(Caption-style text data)
+--
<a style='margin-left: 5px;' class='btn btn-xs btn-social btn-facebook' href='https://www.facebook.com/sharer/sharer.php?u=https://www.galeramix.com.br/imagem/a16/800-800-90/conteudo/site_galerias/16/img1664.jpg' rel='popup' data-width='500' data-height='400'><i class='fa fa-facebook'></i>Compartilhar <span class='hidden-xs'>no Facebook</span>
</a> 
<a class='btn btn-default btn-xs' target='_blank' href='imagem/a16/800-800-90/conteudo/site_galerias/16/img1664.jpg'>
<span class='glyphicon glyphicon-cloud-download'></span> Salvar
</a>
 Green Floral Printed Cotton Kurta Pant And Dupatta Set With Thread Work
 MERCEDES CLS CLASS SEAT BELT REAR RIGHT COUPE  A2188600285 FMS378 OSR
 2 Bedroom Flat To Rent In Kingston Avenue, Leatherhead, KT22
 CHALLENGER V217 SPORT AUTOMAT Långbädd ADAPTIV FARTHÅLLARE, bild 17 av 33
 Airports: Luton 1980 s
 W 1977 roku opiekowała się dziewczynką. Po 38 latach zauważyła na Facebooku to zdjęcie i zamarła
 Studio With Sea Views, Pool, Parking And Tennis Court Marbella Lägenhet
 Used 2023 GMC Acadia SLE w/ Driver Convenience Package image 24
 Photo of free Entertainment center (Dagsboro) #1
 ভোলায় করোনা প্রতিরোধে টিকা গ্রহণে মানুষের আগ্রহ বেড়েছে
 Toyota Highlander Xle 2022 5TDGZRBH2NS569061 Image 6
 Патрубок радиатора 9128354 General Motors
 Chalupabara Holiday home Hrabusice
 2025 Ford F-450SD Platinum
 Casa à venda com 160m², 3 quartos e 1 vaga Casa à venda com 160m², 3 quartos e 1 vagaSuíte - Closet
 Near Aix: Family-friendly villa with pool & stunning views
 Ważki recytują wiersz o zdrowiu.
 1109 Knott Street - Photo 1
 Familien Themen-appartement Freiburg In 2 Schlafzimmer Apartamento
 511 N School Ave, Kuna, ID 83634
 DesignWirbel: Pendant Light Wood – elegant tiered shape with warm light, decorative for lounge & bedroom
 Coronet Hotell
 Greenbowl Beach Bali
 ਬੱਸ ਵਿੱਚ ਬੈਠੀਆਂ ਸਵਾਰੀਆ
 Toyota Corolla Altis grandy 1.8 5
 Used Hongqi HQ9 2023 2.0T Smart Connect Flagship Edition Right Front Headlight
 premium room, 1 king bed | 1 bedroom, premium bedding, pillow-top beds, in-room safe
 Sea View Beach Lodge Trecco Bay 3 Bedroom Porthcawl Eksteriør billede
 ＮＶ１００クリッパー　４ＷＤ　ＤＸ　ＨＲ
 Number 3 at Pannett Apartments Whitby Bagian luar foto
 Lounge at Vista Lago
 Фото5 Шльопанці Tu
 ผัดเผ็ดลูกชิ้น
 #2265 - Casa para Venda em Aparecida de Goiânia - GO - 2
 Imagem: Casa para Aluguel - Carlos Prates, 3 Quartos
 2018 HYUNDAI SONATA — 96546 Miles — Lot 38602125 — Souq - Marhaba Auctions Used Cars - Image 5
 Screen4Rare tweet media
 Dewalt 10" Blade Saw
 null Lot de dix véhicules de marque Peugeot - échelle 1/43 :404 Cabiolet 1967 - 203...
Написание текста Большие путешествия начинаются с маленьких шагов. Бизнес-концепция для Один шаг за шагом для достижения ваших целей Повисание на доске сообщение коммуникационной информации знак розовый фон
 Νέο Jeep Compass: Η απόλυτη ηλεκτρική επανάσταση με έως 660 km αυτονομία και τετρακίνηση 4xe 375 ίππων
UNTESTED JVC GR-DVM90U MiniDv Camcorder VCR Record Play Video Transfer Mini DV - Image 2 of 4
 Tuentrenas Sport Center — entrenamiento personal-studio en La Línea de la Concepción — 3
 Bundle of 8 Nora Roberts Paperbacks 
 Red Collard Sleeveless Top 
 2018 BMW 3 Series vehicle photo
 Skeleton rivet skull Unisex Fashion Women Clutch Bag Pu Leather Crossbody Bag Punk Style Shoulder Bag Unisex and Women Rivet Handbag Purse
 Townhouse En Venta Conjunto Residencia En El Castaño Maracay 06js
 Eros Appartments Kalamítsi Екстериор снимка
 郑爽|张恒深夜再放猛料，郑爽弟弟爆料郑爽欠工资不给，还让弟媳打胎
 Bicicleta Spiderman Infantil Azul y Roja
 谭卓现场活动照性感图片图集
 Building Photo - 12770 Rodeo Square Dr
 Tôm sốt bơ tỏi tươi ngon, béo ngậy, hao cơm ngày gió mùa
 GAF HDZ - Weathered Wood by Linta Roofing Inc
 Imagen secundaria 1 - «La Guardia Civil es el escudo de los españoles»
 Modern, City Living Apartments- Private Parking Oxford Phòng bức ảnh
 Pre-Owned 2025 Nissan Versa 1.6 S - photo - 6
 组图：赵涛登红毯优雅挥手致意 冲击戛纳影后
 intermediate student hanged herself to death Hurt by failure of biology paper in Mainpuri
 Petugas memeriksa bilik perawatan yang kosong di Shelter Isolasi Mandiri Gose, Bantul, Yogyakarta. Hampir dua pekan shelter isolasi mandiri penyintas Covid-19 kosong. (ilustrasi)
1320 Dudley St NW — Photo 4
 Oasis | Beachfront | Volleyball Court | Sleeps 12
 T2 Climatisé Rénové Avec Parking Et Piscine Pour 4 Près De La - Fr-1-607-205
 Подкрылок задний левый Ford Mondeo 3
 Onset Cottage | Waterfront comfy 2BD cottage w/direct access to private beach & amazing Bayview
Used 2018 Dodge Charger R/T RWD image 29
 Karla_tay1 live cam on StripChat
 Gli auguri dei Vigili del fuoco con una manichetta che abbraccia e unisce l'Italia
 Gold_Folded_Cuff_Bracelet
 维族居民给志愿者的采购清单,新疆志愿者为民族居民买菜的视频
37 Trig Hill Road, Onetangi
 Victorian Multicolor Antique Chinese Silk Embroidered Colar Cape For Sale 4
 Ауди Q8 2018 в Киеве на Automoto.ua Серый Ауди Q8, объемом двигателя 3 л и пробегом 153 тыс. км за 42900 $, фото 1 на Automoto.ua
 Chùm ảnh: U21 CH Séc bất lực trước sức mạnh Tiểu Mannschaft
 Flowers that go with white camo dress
+--
The response should contain only a verbatim copy of the lines from the line with "郑爽|张恒深夜再放猛料，郑爽弟弟爆料郑爽欠工资不给，还让弟媳打胎" to the final line of the records.

§ **Task result**
 郑爽|张恒深夜再放猛料，郑爽弟弟爆料郑爽欠工资不给，还让弟媳打胎
 Bicicleta Spiderman Infantil Azul y Roja
 谭卓现场活动照性感图片图集
 Building Photo - 12770 Rodeo Square Dr
 Tôm sốt bơ tỏi tươi ngon, béo ngậy, hao cơm ngày gió mùa
 GAF HDZ - Weathered Wood by Linta Roofing Inc
 Imagen secundaria 1 - «La Guardia Civil es el escudo de los españoles»
 Modern, City Living Apartments- Private Parking Oxford Phòng bức ảnh
 Pre-Owned 2025 Nissan Versa 1.6 S - photo - 6
 组图：赵涛登红毯优雅挥手致意 冲击戛纳影后
 intermediate student hanged herself to death Hurt by failure of biology paper in Mainpuri
 Petugas memeriksa bilik perawatan yang kosong di Shelter Isolasi Mandiri Gose, Bantul, Yogyakarta. Hampir dua pekan shelter isolasi mandiri penyintas Covid-19 kosong. (ilustrasi)
1320 Dudley St NW — Photo 4
 Oasis | Beachfront | Volleyball Court | Sleeps 12
 T2 Climatisé Rénové Avec Parking Et Piscine Pour 4 Près De La - Fr-1-607-205
 Подкрылок задний левый Ford Mondeo 3
 Onset Cottage | Waterfront comfy 2BD cottage w/direct access to private beach & amazing Bayview
Used 2018 Dodge Charger R/T RWD image 29
 Karla_tay1 live cam on StripChat
 Gli auguri dei Vigili del fuoco con una manichetta che abbraccia e unisce l'Italia
 Gold_Folded_Cuff_Bracelet
 维族居民给志愿者的采购清单,新疆志愿者为民族居民买菜的视频
37 Trig Hill Road, Onetangi
 Victorian Multicolor Antique Chinese Silk Embroidered Colar Cape For Sale 4
 Ауди Q8 2018 в Киеве на Automoto.ua Серый Ауди Q8, объемом двигателя 3 л и пробегом 153 тыс. км за 42900 $, фото 1 на Automoto.ua
 Chùm ảnh: U21 CH Séc bất lực trước sức mạnh Tiểu Mannschaft
 Flowers that go with white camo dress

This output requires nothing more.